**Problem:** Copy every record verbatim. Leave the pictures out.

**Raw data:**
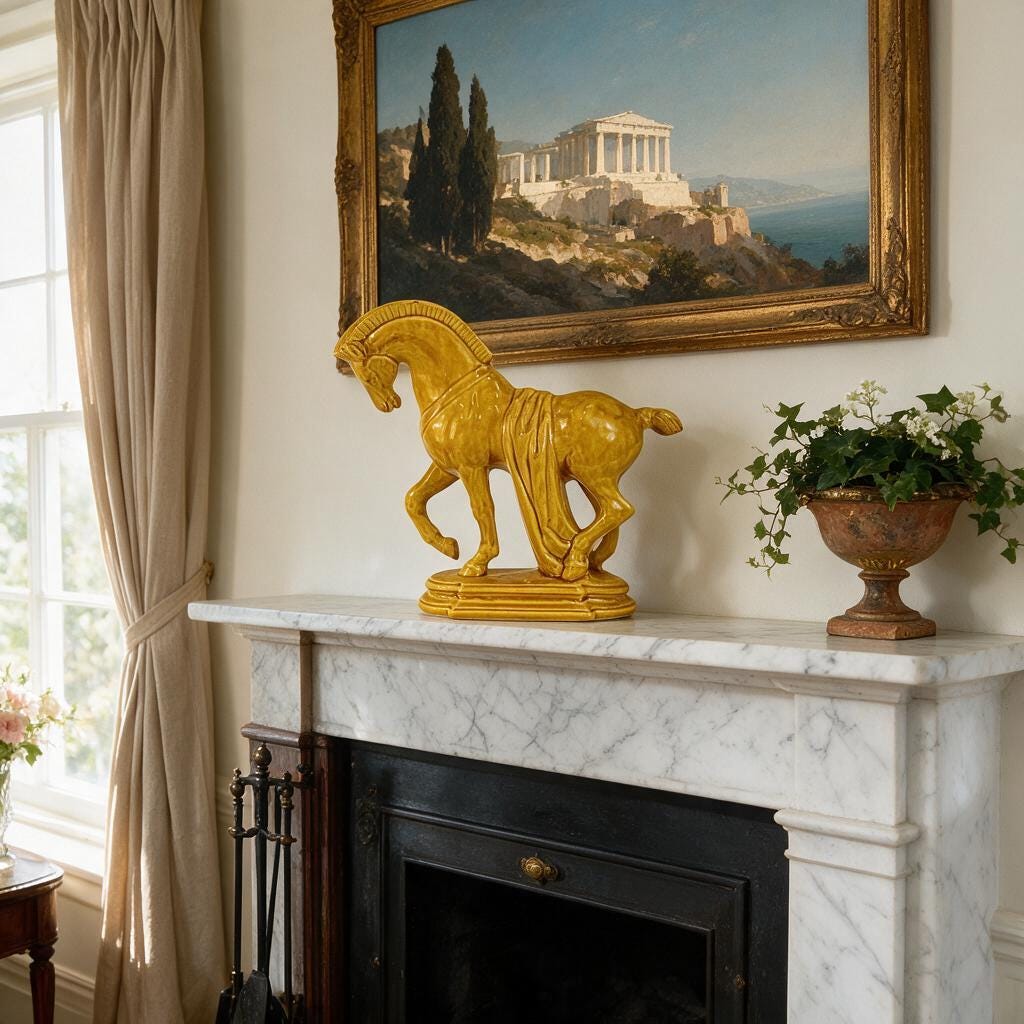 Lane & Co Van Nuys Trojan Horse, Yellow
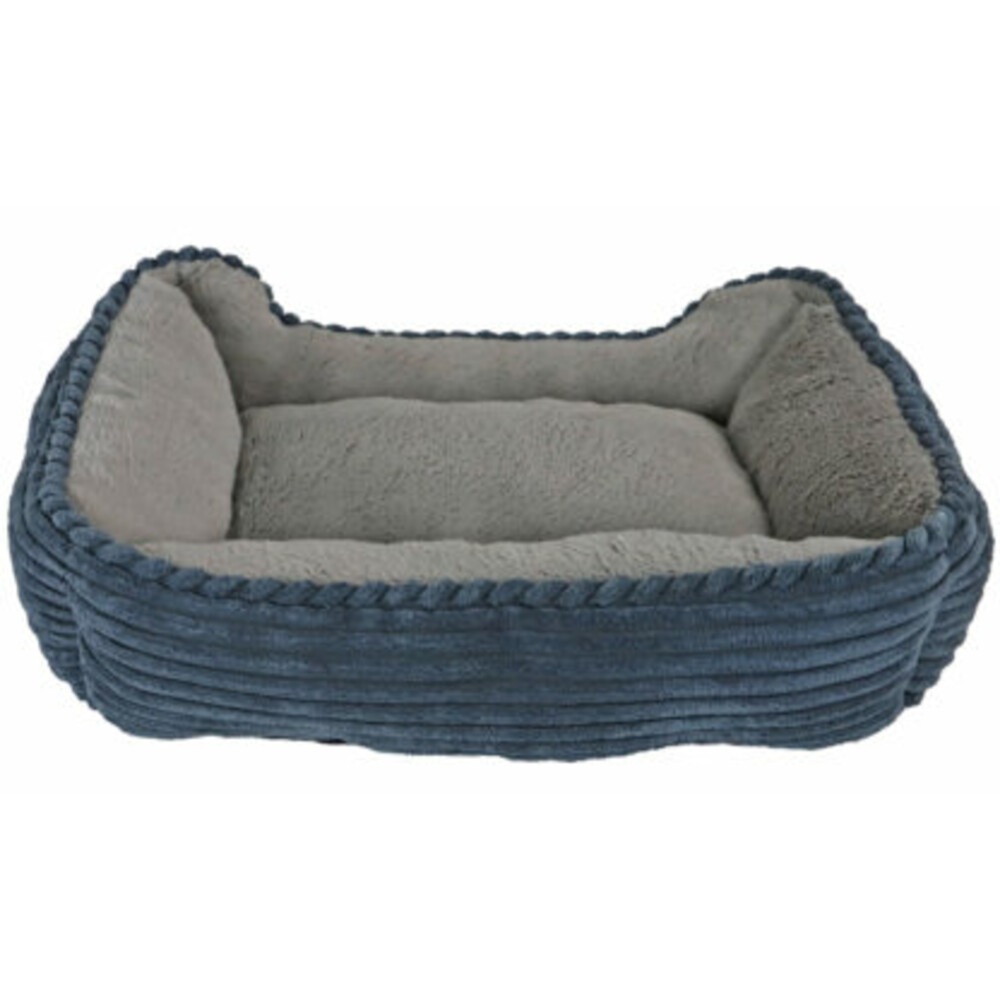 Boon Divan Corduroy Blauw - Grijs 50 x 40 cm
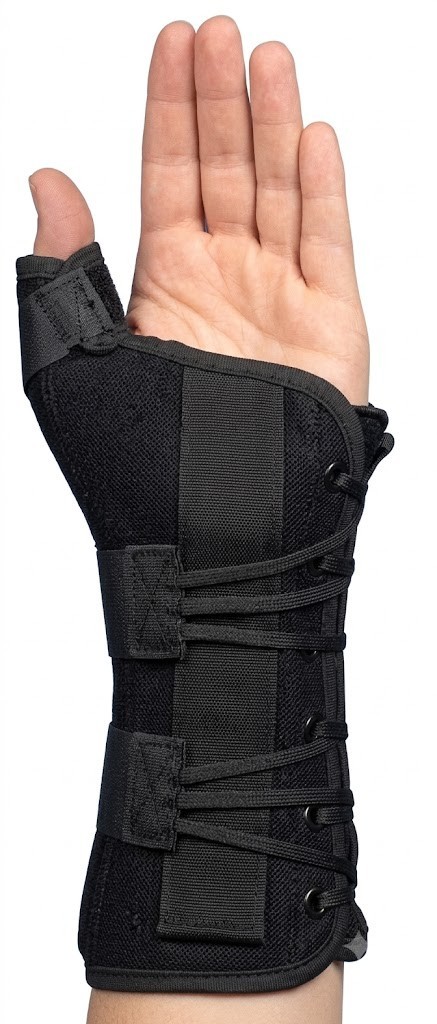 Ryno Lacer Long wrist and Thumb support Back Large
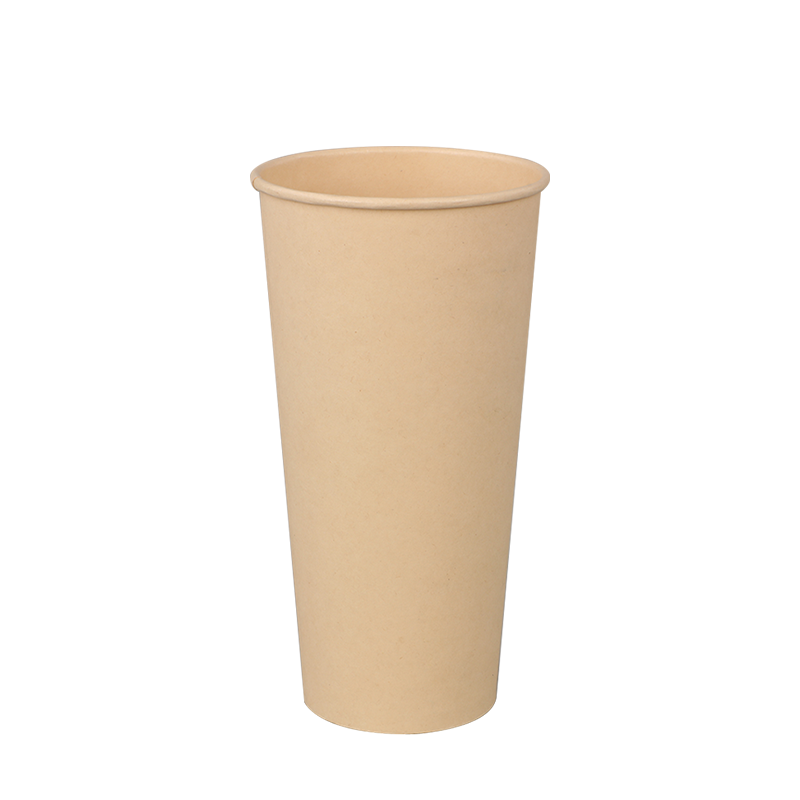 12oz PE papir od bambusa s jednom stijenkom Vruće papirnate čaše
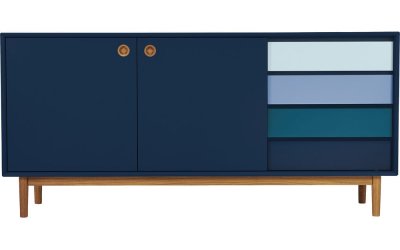 Comodă Tom Tailor Color Box,, 170 x 80 cm, albastru închis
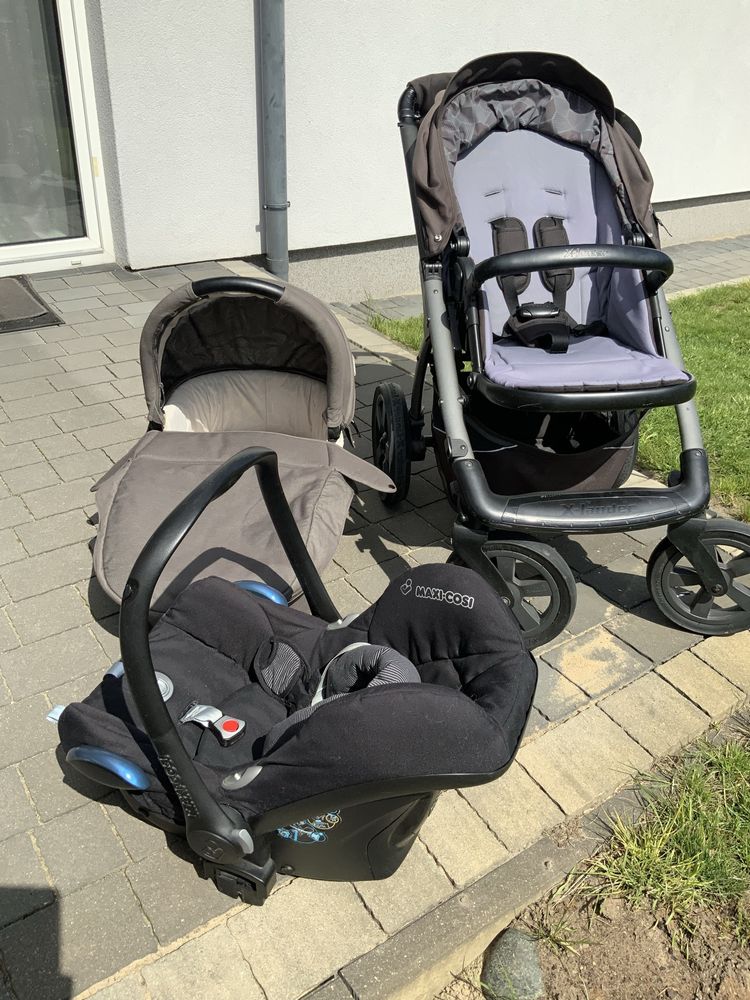 X-lander x-move+ maxi-cosi wózek+nosidełko cały komplet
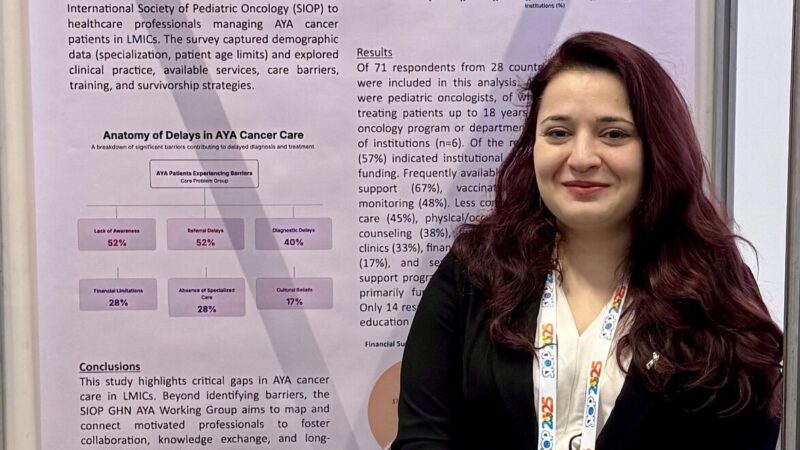 Ruzanna Papyan’s Work on AYA Cancer Care at SIOP 2025 – Immune Oncology Research Institute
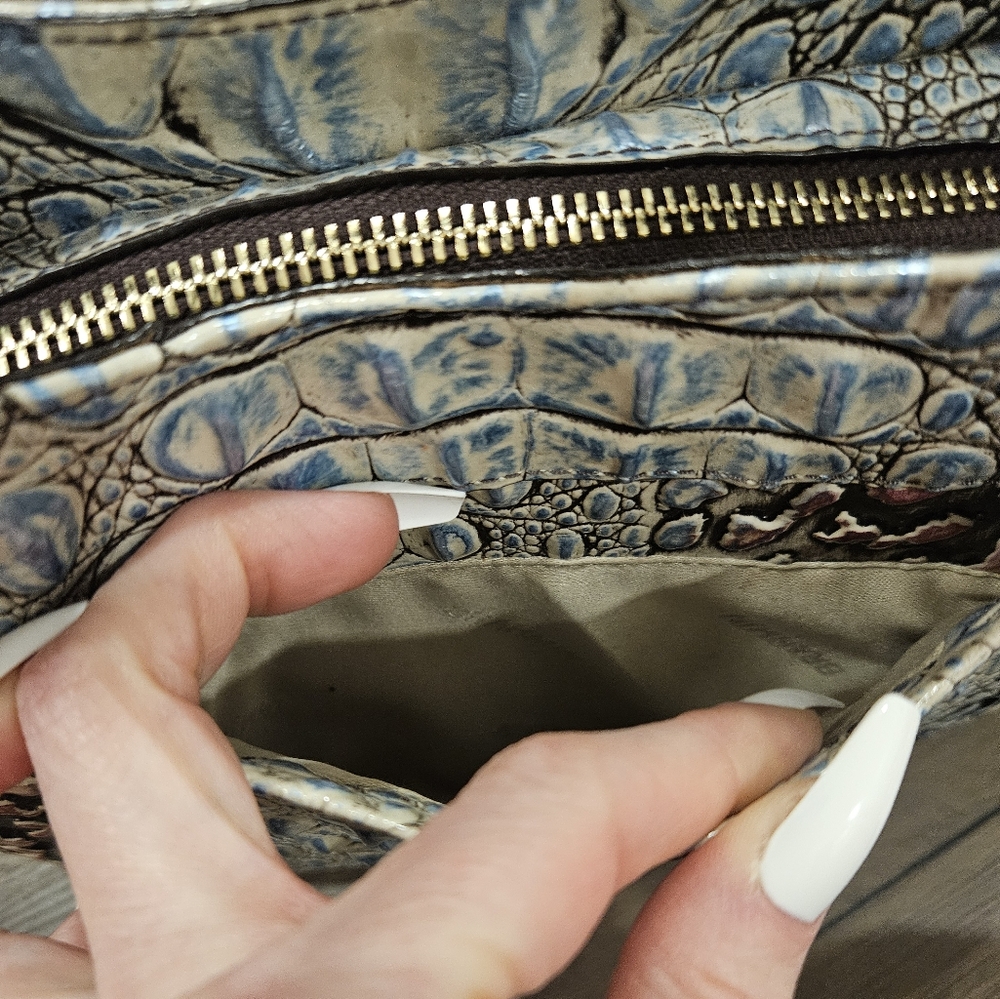 Brahmin Multicolor Croc-Embossed Elaine Shoulder Bag and Wallet - Picture 5 of 16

**Expected output:**
 Lane & Co Van Nuys Trojan Horse, Yellow
 Boon Divan Corduroy Blauw - Grijs 50 x 40 cm
 Ryno Lacer Long wrist and Thumb support Back Large
 12oz PE papir od bambusa s jednom stijenkom Vruće papirnate čaše
 Comodă Tom Tailor Color Box,, 170 x 80 cm, albastru închis
 X-lander x-move+ maxi-cosi wózek+nosidełko cały komplet
 Ruzanna Papyan’s Work on AYA Cancer Care at SIOP 2025 – Immune Oncology Research Institute
 Brahmin Multicolor Croc-Embossed Elaine Shoulder Bag and Wallet - Picture 5 of 16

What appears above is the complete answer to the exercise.